WHAT IS EXPECTED:
In the records that follow, the lines from the one containing "Autumn forest bridge" to the one containing "The image shows a framed", inclusive, are to be given again exactly.

MATERIALS PROVIDED:

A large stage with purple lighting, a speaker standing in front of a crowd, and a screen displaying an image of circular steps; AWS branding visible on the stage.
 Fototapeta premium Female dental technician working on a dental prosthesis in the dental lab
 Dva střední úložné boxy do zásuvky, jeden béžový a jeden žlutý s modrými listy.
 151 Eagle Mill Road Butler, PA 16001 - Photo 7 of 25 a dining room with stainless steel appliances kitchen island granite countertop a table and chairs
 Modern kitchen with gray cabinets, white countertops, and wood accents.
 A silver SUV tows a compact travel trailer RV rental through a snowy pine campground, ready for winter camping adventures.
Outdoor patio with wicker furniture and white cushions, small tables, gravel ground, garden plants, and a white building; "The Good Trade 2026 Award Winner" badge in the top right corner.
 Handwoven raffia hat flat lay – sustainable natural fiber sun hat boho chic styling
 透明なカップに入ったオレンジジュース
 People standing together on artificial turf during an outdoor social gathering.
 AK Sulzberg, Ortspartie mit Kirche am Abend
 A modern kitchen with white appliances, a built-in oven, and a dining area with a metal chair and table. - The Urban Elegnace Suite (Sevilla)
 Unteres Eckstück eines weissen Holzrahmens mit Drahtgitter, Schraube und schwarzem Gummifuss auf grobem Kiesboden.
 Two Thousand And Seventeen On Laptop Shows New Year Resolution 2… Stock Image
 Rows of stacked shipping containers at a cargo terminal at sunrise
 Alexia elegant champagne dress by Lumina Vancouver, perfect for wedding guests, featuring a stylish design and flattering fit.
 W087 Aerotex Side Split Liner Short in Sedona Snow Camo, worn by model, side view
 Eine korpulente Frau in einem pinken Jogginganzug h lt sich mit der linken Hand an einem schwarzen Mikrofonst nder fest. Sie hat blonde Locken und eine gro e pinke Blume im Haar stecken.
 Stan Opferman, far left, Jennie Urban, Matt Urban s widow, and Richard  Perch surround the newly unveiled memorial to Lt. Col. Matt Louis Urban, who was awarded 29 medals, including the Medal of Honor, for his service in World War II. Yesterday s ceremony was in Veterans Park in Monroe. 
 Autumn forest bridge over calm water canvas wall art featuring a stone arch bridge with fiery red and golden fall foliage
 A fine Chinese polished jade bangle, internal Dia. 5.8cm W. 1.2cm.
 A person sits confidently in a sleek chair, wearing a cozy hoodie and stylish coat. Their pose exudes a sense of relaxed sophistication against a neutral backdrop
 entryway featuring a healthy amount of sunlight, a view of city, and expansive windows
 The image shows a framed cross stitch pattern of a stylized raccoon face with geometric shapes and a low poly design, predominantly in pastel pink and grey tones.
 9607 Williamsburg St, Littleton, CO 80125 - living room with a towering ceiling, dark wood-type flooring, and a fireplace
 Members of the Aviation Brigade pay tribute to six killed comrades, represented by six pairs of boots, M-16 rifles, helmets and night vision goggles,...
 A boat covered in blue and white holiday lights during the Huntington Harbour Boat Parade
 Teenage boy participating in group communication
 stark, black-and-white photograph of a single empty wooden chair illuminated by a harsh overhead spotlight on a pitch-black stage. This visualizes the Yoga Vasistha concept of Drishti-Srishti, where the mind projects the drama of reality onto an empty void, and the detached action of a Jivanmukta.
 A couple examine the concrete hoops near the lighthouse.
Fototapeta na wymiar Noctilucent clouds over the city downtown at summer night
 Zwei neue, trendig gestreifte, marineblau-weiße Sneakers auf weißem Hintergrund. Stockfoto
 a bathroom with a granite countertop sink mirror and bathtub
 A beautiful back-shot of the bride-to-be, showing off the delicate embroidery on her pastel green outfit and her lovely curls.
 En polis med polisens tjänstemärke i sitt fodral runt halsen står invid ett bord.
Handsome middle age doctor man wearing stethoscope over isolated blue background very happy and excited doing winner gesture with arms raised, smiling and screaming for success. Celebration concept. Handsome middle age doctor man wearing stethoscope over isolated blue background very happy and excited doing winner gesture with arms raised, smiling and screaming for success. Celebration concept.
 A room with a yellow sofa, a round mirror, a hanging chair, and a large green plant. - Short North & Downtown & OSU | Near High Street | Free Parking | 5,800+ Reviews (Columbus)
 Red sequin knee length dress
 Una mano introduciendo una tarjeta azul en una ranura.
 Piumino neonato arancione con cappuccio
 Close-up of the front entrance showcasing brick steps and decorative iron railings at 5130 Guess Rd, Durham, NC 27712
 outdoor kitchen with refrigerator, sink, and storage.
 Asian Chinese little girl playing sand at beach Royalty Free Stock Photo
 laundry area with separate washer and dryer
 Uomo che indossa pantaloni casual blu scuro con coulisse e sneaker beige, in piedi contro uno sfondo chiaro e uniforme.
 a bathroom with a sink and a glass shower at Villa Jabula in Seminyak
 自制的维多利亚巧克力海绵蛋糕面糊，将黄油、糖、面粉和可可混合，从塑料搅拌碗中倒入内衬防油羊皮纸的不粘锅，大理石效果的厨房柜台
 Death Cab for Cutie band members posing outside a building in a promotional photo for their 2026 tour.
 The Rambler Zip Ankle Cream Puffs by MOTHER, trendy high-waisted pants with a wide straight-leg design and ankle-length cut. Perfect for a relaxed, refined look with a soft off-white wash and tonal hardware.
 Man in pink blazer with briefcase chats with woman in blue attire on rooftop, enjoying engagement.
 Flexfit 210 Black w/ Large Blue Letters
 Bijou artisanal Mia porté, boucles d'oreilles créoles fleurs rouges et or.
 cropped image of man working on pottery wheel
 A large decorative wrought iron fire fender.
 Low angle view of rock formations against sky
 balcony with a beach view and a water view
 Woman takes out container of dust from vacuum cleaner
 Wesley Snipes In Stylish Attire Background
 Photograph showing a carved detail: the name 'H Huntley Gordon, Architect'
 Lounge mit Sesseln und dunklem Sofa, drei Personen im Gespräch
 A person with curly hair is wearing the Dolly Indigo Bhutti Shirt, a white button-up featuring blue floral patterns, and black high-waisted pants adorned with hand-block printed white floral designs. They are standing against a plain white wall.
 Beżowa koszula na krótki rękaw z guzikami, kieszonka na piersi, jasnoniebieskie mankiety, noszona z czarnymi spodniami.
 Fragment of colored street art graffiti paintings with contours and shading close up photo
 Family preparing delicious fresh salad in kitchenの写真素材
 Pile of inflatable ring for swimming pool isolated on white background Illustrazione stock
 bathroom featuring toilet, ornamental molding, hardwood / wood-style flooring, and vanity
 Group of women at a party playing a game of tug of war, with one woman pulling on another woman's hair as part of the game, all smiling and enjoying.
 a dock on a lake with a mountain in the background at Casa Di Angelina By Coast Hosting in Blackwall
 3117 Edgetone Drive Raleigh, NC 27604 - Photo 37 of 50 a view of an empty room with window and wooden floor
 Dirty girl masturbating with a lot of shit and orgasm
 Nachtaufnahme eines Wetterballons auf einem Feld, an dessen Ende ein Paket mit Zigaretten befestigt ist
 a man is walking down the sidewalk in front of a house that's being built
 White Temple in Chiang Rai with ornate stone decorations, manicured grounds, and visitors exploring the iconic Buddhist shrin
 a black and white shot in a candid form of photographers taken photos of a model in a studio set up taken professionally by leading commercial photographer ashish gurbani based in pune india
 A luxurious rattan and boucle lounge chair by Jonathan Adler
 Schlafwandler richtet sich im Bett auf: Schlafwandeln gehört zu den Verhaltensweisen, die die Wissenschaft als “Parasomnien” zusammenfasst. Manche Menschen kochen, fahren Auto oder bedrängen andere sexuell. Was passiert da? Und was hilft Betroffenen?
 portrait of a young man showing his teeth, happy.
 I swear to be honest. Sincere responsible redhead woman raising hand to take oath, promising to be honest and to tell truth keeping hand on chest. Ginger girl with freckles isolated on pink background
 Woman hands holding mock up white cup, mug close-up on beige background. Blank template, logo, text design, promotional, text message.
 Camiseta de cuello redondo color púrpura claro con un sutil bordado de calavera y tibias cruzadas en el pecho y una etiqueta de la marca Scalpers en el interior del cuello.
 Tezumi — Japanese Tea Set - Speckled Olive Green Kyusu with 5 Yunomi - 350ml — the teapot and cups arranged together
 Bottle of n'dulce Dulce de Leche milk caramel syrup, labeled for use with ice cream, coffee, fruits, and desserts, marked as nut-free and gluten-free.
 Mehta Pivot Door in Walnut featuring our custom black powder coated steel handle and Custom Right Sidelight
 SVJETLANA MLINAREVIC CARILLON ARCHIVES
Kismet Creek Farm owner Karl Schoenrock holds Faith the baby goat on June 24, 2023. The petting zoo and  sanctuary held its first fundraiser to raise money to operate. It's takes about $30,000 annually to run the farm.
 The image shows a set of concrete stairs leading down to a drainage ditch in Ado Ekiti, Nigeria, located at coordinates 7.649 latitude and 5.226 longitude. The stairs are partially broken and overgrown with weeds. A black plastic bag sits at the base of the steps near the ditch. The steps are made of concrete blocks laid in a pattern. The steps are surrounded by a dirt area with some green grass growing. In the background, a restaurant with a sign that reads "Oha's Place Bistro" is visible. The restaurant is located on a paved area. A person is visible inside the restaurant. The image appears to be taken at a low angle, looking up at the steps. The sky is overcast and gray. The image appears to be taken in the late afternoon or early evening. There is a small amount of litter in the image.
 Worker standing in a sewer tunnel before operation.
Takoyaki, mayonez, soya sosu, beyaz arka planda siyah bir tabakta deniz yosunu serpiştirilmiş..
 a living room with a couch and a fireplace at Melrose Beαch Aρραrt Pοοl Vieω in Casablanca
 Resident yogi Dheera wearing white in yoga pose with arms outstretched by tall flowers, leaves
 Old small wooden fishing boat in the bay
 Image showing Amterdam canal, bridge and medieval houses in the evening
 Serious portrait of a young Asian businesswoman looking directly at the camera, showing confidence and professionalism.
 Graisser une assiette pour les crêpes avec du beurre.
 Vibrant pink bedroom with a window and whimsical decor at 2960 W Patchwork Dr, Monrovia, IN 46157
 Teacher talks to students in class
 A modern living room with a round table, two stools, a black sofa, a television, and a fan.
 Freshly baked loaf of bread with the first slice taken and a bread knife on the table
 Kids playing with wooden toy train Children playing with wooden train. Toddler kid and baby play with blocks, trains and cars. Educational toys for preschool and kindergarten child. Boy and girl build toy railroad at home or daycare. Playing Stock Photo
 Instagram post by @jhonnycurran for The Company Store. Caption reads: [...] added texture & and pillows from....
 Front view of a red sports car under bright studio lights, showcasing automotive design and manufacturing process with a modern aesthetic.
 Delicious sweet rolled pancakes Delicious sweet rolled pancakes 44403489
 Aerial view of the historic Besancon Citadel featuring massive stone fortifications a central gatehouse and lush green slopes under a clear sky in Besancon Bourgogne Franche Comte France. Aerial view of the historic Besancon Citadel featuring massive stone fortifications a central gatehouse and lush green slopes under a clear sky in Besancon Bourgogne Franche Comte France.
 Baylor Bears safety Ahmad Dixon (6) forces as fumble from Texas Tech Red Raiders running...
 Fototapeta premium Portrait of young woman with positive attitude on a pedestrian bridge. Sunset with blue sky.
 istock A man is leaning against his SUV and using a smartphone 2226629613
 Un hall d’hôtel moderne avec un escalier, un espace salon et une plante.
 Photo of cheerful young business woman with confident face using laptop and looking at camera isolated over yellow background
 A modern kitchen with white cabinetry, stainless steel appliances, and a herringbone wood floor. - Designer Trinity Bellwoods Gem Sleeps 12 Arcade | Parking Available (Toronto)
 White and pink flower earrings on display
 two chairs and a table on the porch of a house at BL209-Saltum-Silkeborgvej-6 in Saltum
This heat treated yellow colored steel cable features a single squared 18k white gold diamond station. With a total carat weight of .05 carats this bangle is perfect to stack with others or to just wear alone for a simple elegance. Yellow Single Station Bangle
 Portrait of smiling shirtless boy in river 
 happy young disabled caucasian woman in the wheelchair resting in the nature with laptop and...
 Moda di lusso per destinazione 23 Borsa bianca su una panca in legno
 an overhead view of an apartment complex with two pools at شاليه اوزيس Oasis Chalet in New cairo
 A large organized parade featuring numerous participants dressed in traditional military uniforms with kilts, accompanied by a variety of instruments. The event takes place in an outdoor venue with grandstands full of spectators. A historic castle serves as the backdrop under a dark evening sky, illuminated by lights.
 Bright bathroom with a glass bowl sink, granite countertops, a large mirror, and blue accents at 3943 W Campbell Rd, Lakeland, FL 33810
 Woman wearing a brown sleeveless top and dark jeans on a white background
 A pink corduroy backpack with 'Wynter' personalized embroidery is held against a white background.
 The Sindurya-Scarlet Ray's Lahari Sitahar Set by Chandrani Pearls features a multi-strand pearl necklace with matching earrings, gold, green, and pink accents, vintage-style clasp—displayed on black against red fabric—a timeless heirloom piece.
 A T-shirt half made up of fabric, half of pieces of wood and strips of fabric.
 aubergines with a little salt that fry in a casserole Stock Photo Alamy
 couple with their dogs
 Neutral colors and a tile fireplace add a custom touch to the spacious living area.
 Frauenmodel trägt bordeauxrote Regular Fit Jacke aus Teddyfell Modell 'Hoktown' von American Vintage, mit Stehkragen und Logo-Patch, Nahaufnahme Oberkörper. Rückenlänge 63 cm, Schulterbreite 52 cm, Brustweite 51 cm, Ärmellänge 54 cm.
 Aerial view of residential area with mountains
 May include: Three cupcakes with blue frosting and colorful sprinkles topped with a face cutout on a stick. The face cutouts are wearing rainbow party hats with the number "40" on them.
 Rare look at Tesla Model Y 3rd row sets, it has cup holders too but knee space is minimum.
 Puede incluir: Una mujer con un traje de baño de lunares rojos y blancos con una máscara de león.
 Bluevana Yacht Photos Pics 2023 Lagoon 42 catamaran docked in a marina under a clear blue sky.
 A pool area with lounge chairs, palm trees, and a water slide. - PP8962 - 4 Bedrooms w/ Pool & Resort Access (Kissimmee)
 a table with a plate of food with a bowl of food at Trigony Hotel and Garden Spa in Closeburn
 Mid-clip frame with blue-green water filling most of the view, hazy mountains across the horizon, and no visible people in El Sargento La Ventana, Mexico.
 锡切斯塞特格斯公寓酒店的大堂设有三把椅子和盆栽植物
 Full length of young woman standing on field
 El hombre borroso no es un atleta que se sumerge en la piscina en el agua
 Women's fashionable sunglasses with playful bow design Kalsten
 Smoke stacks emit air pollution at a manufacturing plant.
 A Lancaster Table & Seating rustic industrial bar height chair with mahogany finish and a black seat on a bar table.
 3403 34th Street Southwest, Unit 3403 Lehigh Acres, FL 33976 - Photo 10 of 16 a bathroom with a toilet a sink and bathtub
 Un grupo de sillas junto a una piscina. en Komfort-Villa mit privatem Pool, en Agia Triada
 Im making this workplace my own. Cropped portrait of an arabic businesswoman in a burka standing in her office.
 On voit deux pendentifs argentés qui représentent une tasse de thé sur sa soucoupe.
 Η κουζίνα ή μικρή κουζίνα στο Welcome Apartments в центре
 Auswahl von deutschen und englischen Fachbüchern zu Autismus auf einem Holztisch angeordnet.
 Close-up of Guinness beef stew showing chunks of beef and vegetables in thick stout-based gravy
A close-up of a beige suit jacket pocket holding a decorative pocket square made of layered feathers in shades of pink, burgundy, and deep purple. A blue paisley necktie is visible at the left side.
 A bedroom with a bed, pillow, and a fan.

RESULT BELOW:
 Autumn forest bridge over calm water canvas wall art featuring a stone arch bridge with fiery red and golden fall foliage
 A fine Chinese polished jade bangle, internal Dia. 5.8cm W. 1.2cm.
 A person sits confidently in a sleek chair, wearing a cozy hoodie and stylish coat. Their pose exudes a sense of relaxed sophistication against a neutral backdrop
 entryway featuring a healthy amount of sunlight, a view of city, and expansive windows
 The image shows a framed cross stitch pattern of a stylized raccoon face with geometric shapes and a low poly design, predominantly in pastel pink and grey tones.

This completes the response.